When his friend Cliff dies, Baily starts to realize he's lost everything. Baily and Brackett allow the situation to worsen until the police finally have had enough, issuing a five-minute ultimatum to Baily for release of the hostages. Baily lets the children and Mrs. Banks go. He also sends out Brackett to try to convince the police to put down their guns so he could personally usher out Baily. But rather than face prison and Jenny, Baily locks the museum doors on Brackett, who's outside trying to get the police to listen.

Brackett tries to get him to come out, but Baily ignores him. Brackett is unaware that Baily has decided to set off his explosives, committing suicide. The blast knocks Brackett off his feet and into the parking lot, sending debris everywhere.
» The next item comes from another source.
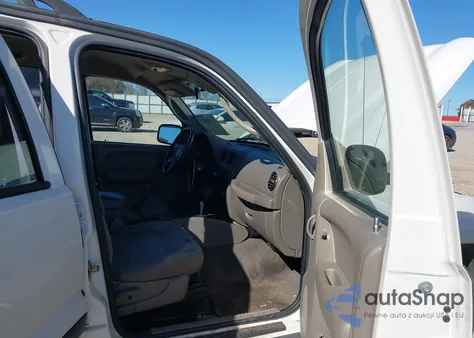 2005 Jeep Liberty Sport z USA, uszkodzony, nr VIN 1J4GK48K25W596569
As reporters surround Brackett to ask about Baily, all he can say is, "We killed him," referring to how the media handled the situation.

==Cast==
- John Travolta as Sam Baily
- Dustin Hoffman as Max Brackett
- Alan Alda as Kevin Hollander
- Mia Kirshner as Laurie Callahan
- William Atherton as Dohlen
- Raymond J. Barry as Agent Dobbins
- Ted Levine as Chief Alvin Lemke
- Robert Prosky as Lou Potts
- Blythe Danner as Mrs. Banks
- Akosua Busia as Diane
- Randall Batinkoff as Executive
- Lucinda Jenney as Jenny Baily
- William O'Leary as Executive
- Tammy Lauren as Miss Rose
- Ebbe Roe Smith as Bartholomew
- Kyla Pratt as Kid
- John Landis as Doctor
- Julio Oscar Mechoso as Sergeant
- David Clennon as Street Preacher
- Jay Leno as Himself
- Richard Portnow as Agent
- Bill Rafferty as Bill Gottsegen
- Sean O'Kane as Assistant
- Patricia Smith as Jenny's Mother
- Dirk Blocker as Bowler
- Bill Nunn as Cliff Williams (uncredited)
- Larry King as Himself (uncredited)

==Production==
In April 1994, it was announced Universal had purchased a spec script titled Mad City written by Tom Matthews from a story co-authored by Matthews and Eric Williams. The script eventually went into turnaround, where it ended up at Warner Bros.

==Release==
===Box office===
In the United States, Mad City opened at #6 at the box office, with an opening weekend gross of $4.6 million. It went on to gross $10.5 million, but when compared to its $50 million budget, Mad City was a box-office bomb.

===Critical reception===
The film has a score of 32% on Rotten Tomatoes, based on 31 reviews. On Metacritic, the film has a score of 45 out of 100 (mixed or average), based on 23 reviews. Audiences polled by CinemaScore gave the film an average grade of "B−" on an A+ to F scale. Film critic Roger Ebert of the Chicago Sun-Times noted Mad City is inspired by the film Ace in the Hole, and gave the movie two stars of four, writing, "The movie knows what it wants to do, but lacks the velocity for lift-off."

At the 1997 Stinkers Bad Movie Awards, John Travolta was nominated for Worst Actor, but lost to Tom Arnold for McHale's Navy.